_What this task involves_
Your task is to copy exactly the lines from the line containing "1900 George Washington" through the end of the listing below, with pictures left out.

_Provided data_

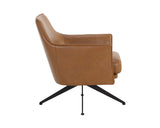 Crosby Swivel Lounge Chair - Missouri Cognac Leather 111086 Sunpan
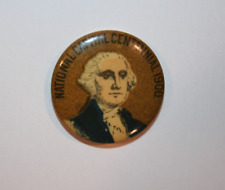 1900 George Washington Campaign Political Button Pinback Pin Capitol Centennial picture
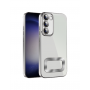 CUSTODIA TRASPARENTE CHROME SILVER GALAXY S23 5G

_Solution to the exercise_
 1900 George Washington Campaign Political Button Pinback Pin Capitol Centennial picture
 CUSTODIA TRASPARENTE CHROME SILVER GALAXY S23 5G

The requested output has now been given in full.